I was going to say what PC and Teppy did, except I would have been busted at work. There are characters that I've read in several different Batman titles and tpbs and I STILL don't know their back story or what the deal is.

Like the ventrolquist and the dummy. Please, someone explain that to me. Obviously a bad guy, and I'm assuming slightly (or totally) insane since this is Gotham and everyone is slightly nuts.


Steph L. - Aug 26, 2004 9:25:18 am PDT #5632 of 10000
this mess was yours / now your mess is mine

I think the ventriloquist and dummy are just slightly saner than Batman, actually.

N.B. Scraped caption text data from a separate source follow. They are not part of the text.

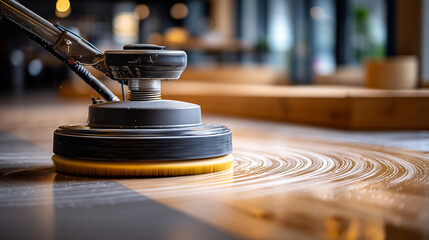 Obraz premium A realistic close-up photograph of professional floor cleaning in progress using an industrial rotary floor scrubber machine. The machine is applying cleaning solution and foam to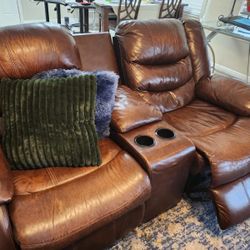 3 piece RECLINER Couch Set W/H ottoman 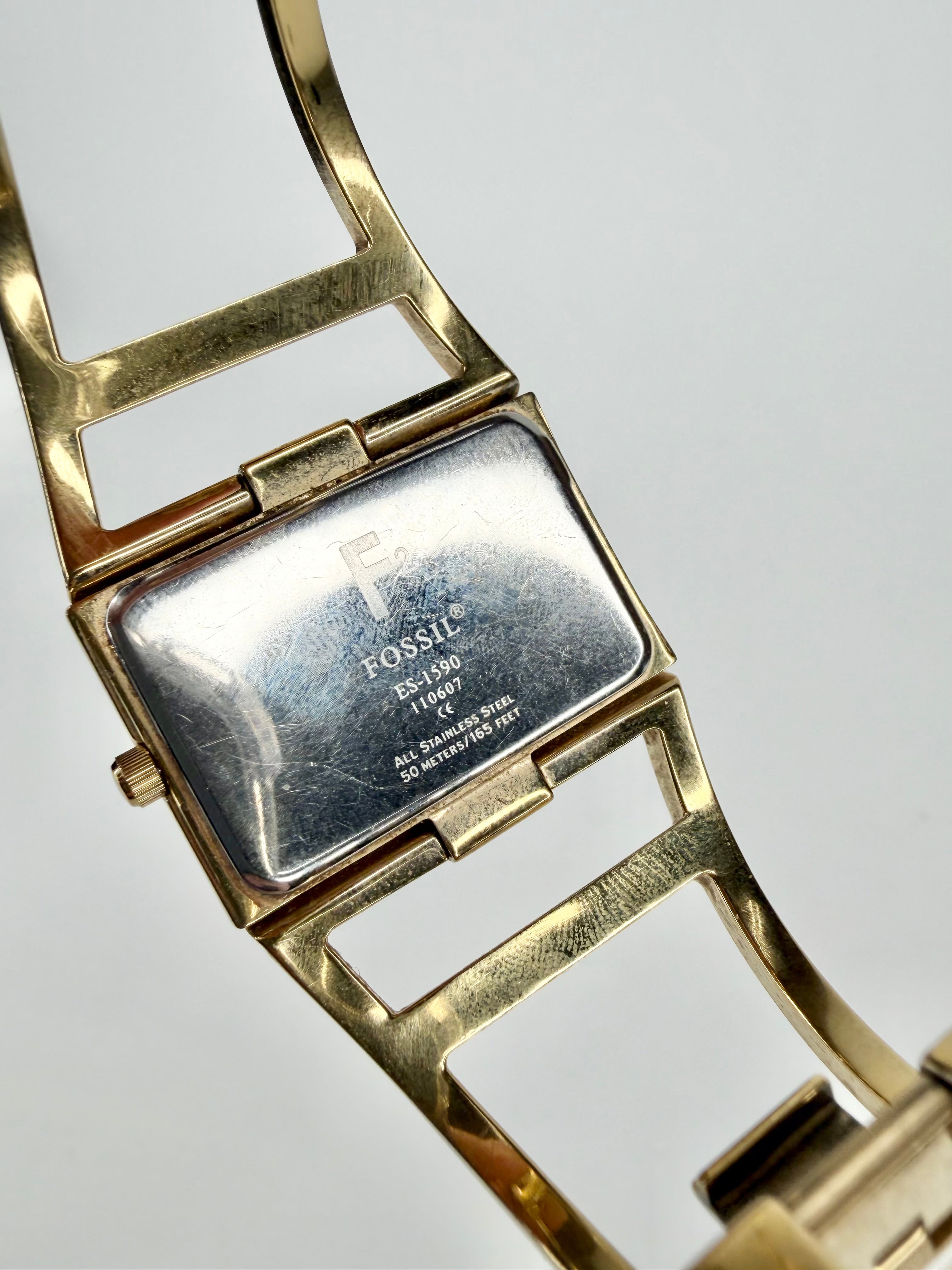 Y2K Fossil F2 Gold Toned Crystal Embellished Bangle Watch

Polter-Cow - Aug 26, 2004 9:29:51 am PDT #5633 of 10000
What else besides ramen can you scoop? YOU CAN SCOOP THIS WORLD FROM DARKNESS!

Like the ventrolquist and the dummy. Please, someone explain that to me.

Ah, Scarface. I remember him from the animated series. The old guy is of course completely nuts, and as far as I can tell, Scarface is pretty much an alternate personality who speaks via his ventriloquism. I really like him/them cause it's so bizarre. I forget the ventriloquist's name, but he's so very intimidated by his dummy. I love it.


askye - Aug 26, 2004 9:41:46 am PDT #5634 of 10000
Thrive to spite them

Thanks PC!

I wasn't sure if Scarface was an alternate personality or somebody cursed into dummy form or an alien. All of them seemed possible.

While I'm at it I have a question about No Man's Land vol 1. There's a gang of men who are bald with scars and they are refered as False something or the other. I want to know what their deal is.


Polter-Cow - Aug 26, 2004 9:43:08 am PDT #5635 of 10000
What else besides ramen can you scoop? YOU CAN SCOOP THIS WORLD FROM DARKNESS!

I wasn't sure if Scarface was an alternate personality or somebody cursed into dummy form or an alien. All of them seemed possible.

Aha. Heh. So you'd never encountered him at all. I've gotten most of my comics info from the animated serieses. They're good stuff.

Here's some info from dcuguide.com:

Incarcerated, Arnold Wesker found that a ventriloquist's dummy began to talk to him, teaching the art of ventriloquism and ultimately helping him to escape. This dummy, calling himself Scarface then became a major force in the Gotham City crime scene, particularly in drug-dealing. Wesker became the mild-mannered Ventriloquist, who seems to act at all times under Scarface's influence; it is unclear whether Wesker is evil, insane or genuinely driven by the dummy; similarly it is unclear whether Scarface is in fact, a 'real' entity. The two have encountered Batman many times, though of course, Scarface refers to him as 'Gatman' as ventriloquists can rarely pronounce the letter 'B'. Perhaps his most diabolical scheme was when Wesker disguised himself as 'the Quakemaster', claiming to have caused an earthquake which devastated Gotham and demanding millions in cash to prevent aftershocks. As ever, he was apprehended by Batman.